**What is being asked**
From the line with "リーバイス Levi's ジャケット" to the end of the data below, restate each line word for word, both ends included, without the pictures.

**Listed records**
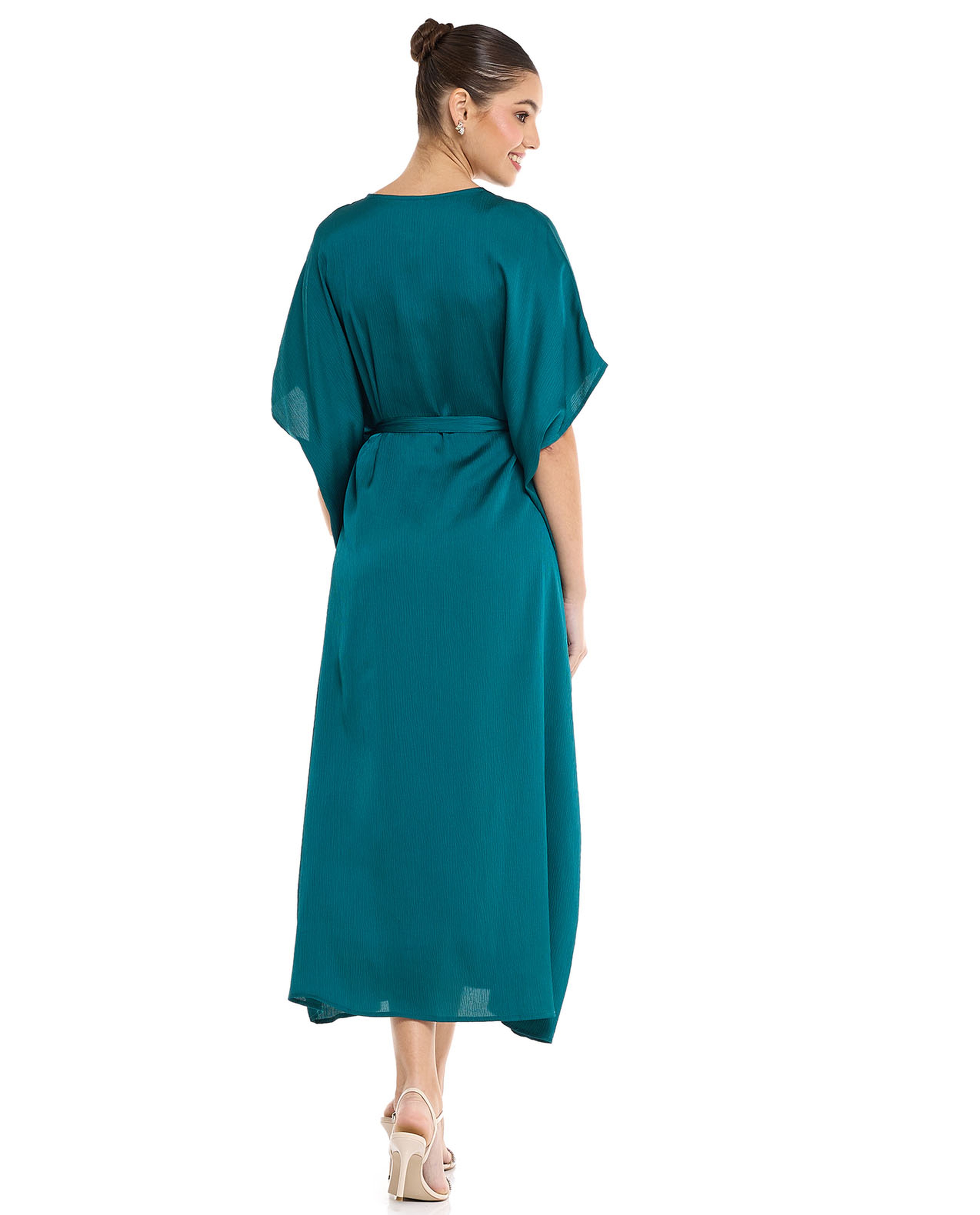 Solid Midi Dress with V-Neck and Kimono Sleeves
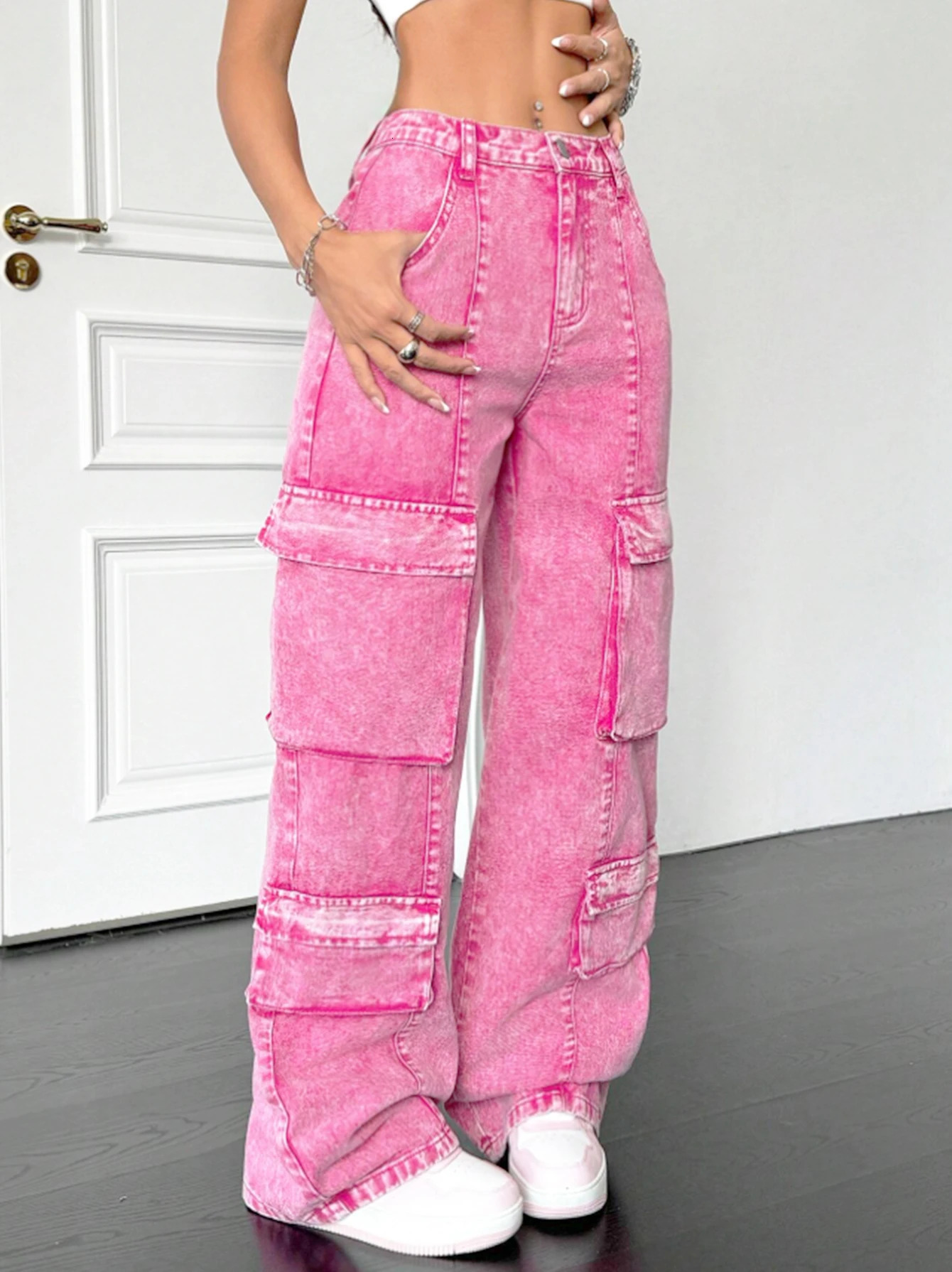 Pink cotton womens wideleg loosefitting jeans multipocket Y2K style pink fashionable jeans 251029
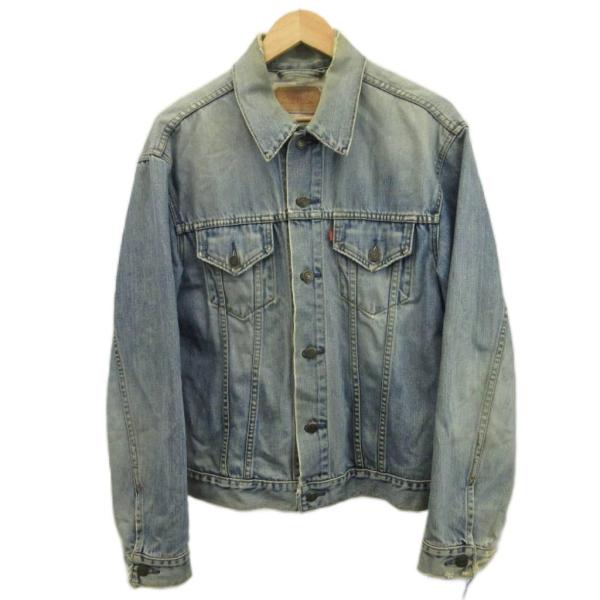 リーバイス Levi's ジャケット ジージャン 上着 XL 青 ブルー 無地 長そで 胸ポケット ...
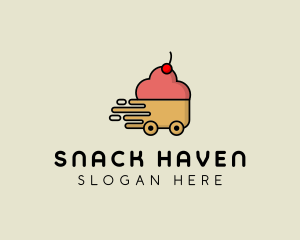 Cupcake Dessert Delivery logo design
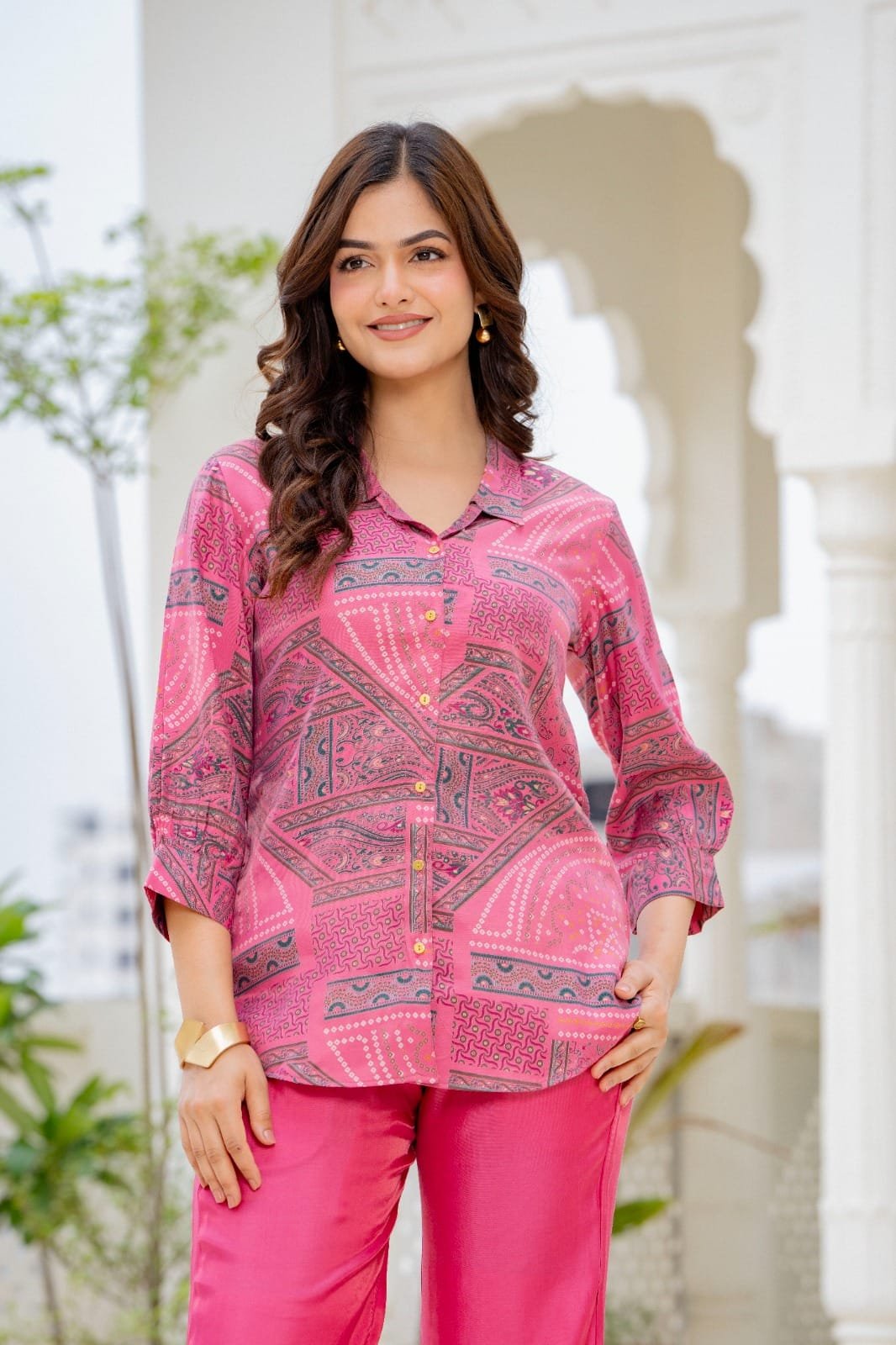 Women Printed Shirt Style Kurta with Palazzo Pants – 2 Piece Co-Ord Set view 8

**Exercise response**
 リーバイス Levi's ジャケット ジージャン 上着 XL 青 ブルー 無地 長そで 胸ポケット ...
 Cupcake Dessert Delivery logo design
 Women Printed Shirt Style Kurta with Palazzo Pants – 2 Piece Co-Ord Set view 8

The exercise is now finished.